On Jul 21, 2008, at 4:32 PM, Lachlan Hunt wrote:

>
> Robert J Burns wrote:
>> Are we planing to fork the named character entities in the two  
>> different
>> serializations? I missed that entirely. Or Dean are you just  
>> concluding
>> that because we do not plan to provide a machine readable XML
>> application definition that it implies no handling of entities? To me
>> those should be separate issues. Even without a machine readable
>> definition (RelaxNG, DTD, etc), we should still expect XHTML5
>> implementations to handle the same entity references (though  
>> necessarily
>> well-formed entity references in XHTML5).
>
> XML requires validating parsers to be used in order to use entity
> references other than those 5 predefined by XML.  Without an official
> DTD, no other references can be reliably used in XHTML 5.  Even if you
> provide your own custom DTD and DOCTYPE, most browsers don't use
> validating parsers and so won't be able to dereference the entity
> references.  If you really want to use named entity references, the  
> only
> workaround is to use one of the existing XHTML or MathML DOCTYPEs that
> are recognised by browsers and allow them to recognise the relevant
> entities.

That is not my understanding of XMLs requirements. Browser  
implementors apparently share my understanding XML and not yours since  
some already handle HTML entities within XML serialized HTML and as  
you already admit, they do not have validating parsers. I think it is  
a stretch to read the XML recommendation in your way in any event. XML  
also does not require a DTD. Other document definitions are acceptable  
(presumably the prose of the HTML5 recommendation could count as one  
such document definition). The XML recommendation provides different  
requirements for processors which retrieve and parse the document  
definition from those that do not, but it doesn't require the document  
definition to be in a particular form (like a DTD for example).
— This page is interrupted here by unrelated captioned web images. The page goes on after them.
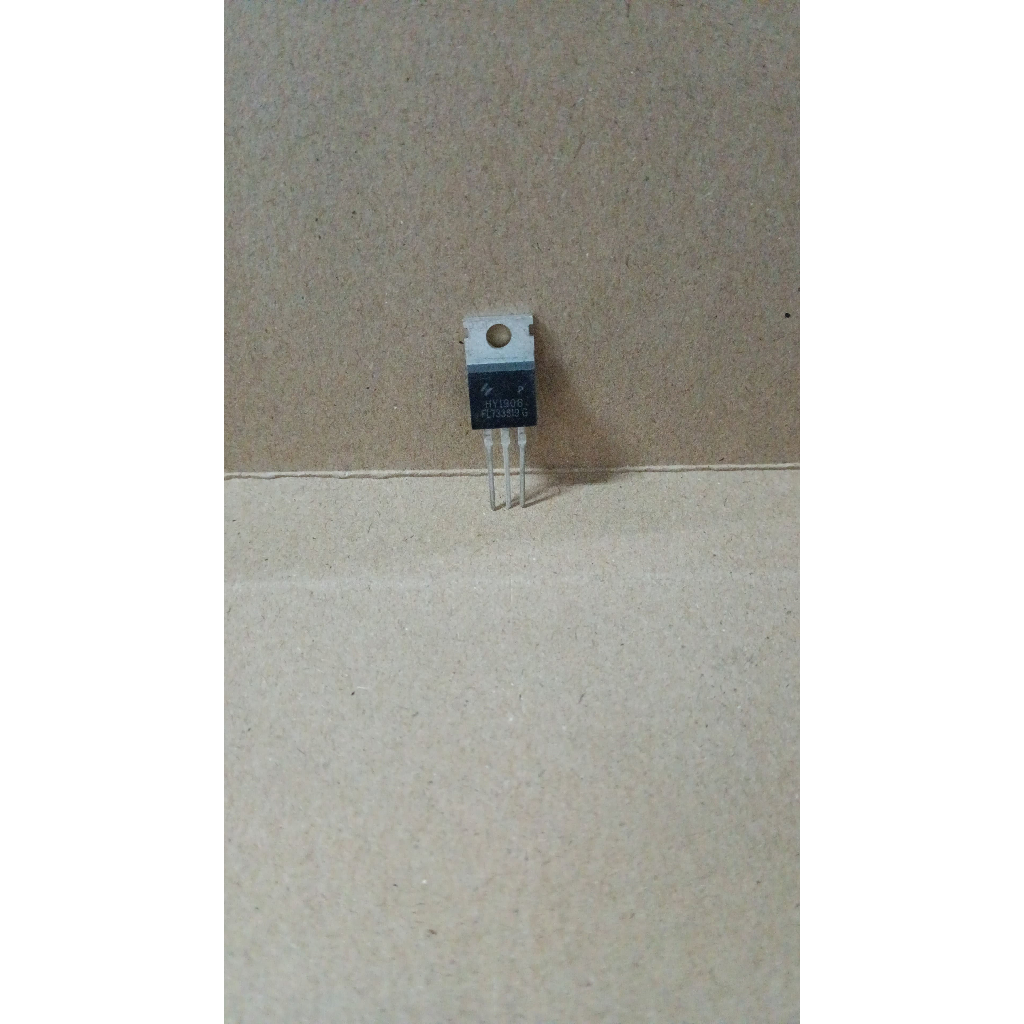 8912 ทรานซิสเตอร์ tr mosfet dip ขนาดเล็ก hy1906 hy 1906 รถ 120a 60v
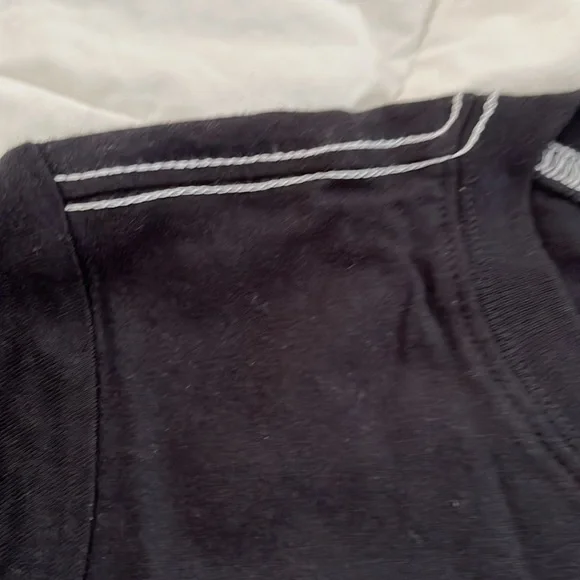 Carter’s Halloween Glow in the Dark Tee - Picture 3 of 7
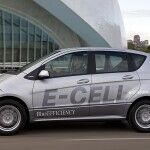 Mercedes Clase A E Cell 2 150x150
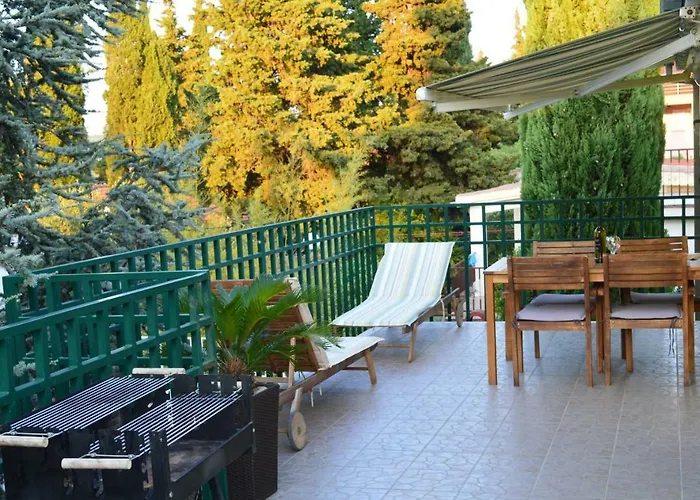 Apartments Vukovic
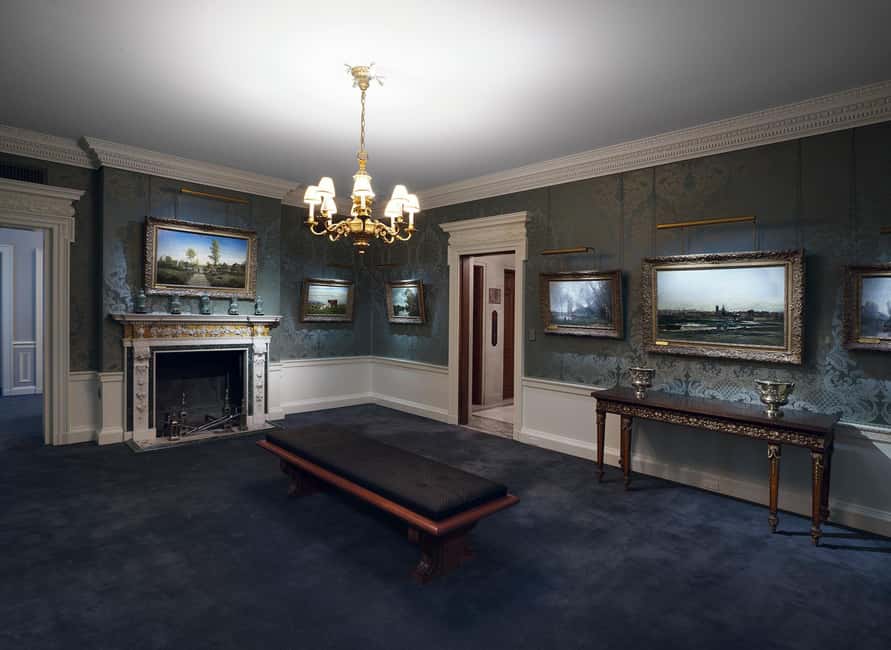 NYC: The Frick Collection Entry Ticket - Key things to know before you go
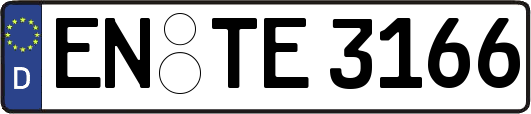 EN-TE3166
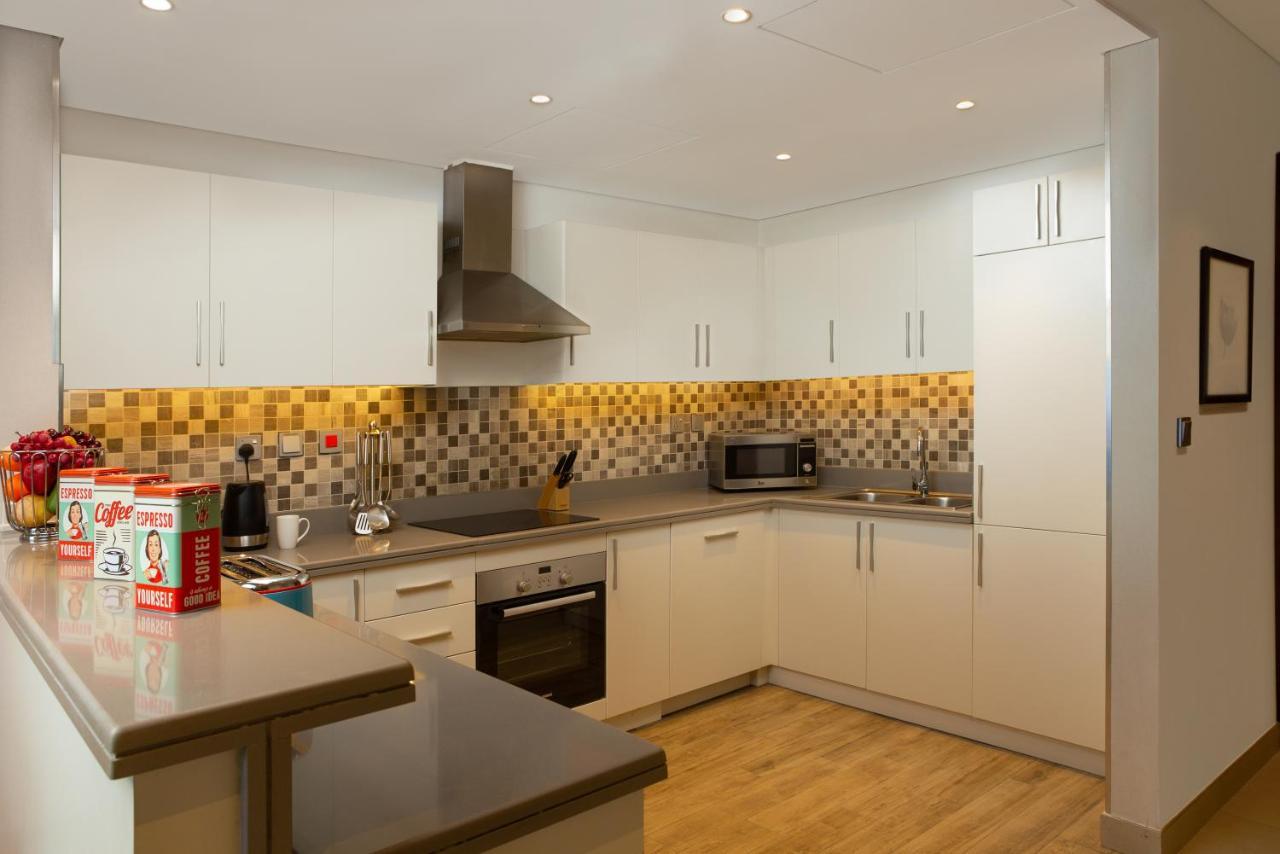 Retaj Baywalk Residence Doha Kültér fotó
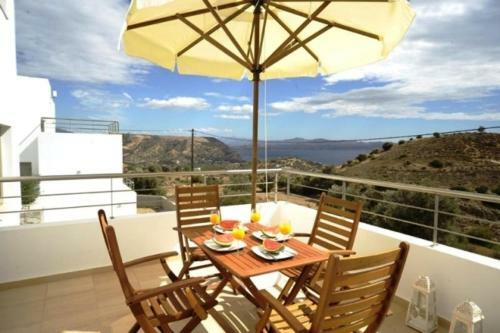 Apartamento Lenikos Resort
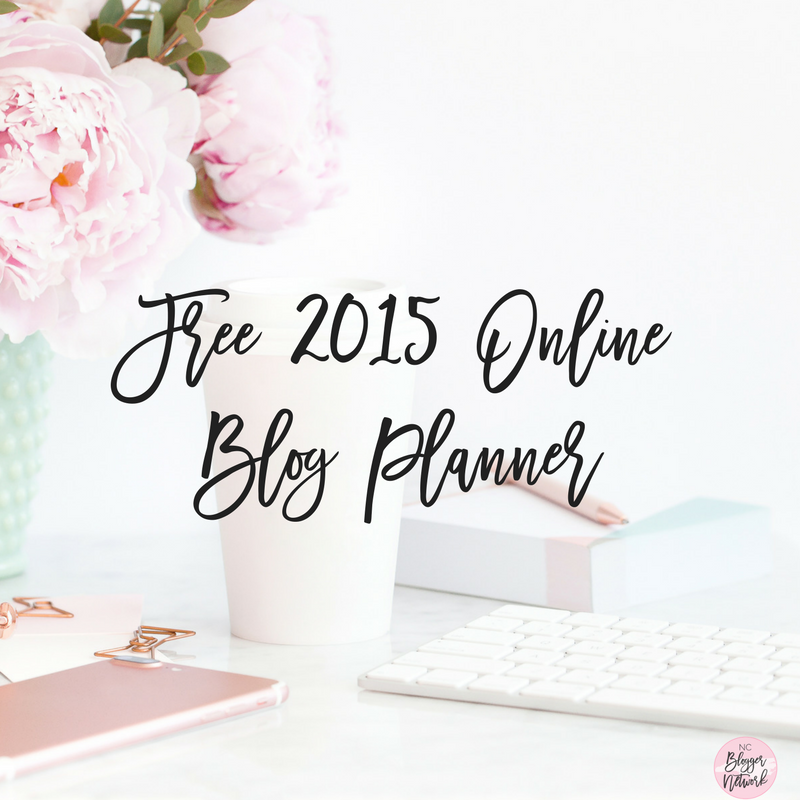 2015-online-blog-planner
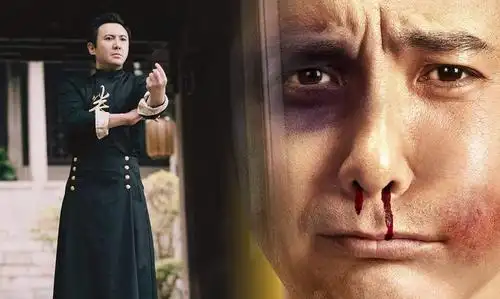 《羞羞的铁拳》:普通人努力的神话,却在生活中沦为笑话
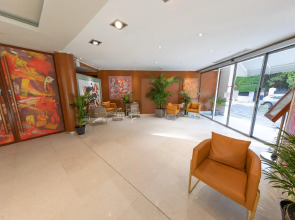 Goldstar Appartements Nice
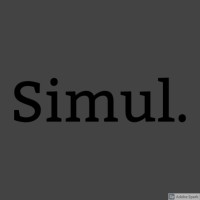 Simul logo - Similar company to Simul Software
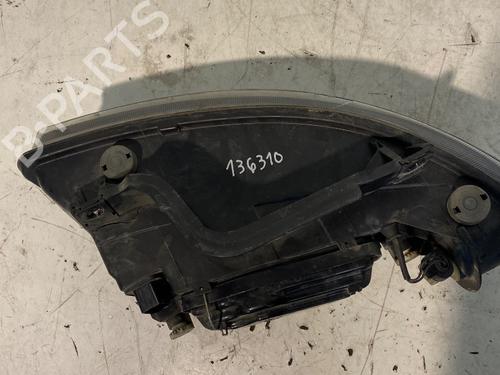 Left headlight SEAT TOLEDO II (1M2) 1.9 TDI | BP29521732C28  - Image 11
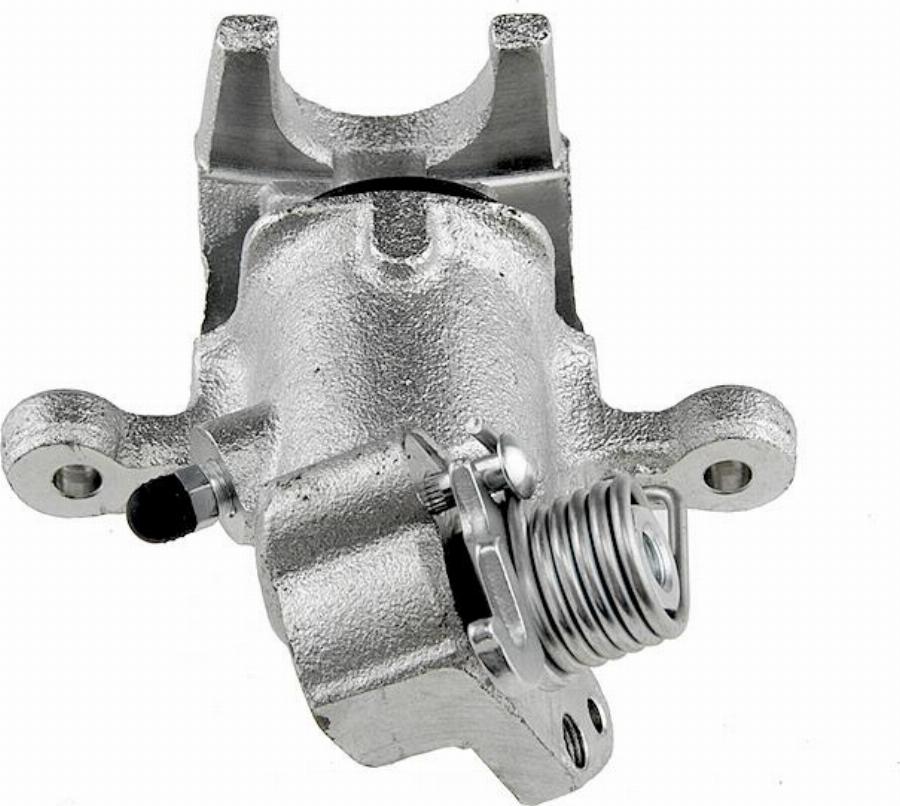 NTY HZT-HY-511 - Гальмівний супорт autozip.com.ua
It would be strange if authors of XHTML1 and XHTML2 could use entity  
references but authors of XHTML5 could not (to say nothing of such a  
bizarre serialization difference within HTML5 itself).

Finally, if you're reading was correct would we really want to  
stubbornly refuse to provide a machine readable document definition  
when that would be a simple way to keep some consistency between the  
two serializations. As I said in my earlier message. I think these  
should be separate issues, but your reading of the XML recommendation  
would collapse the two issues into one.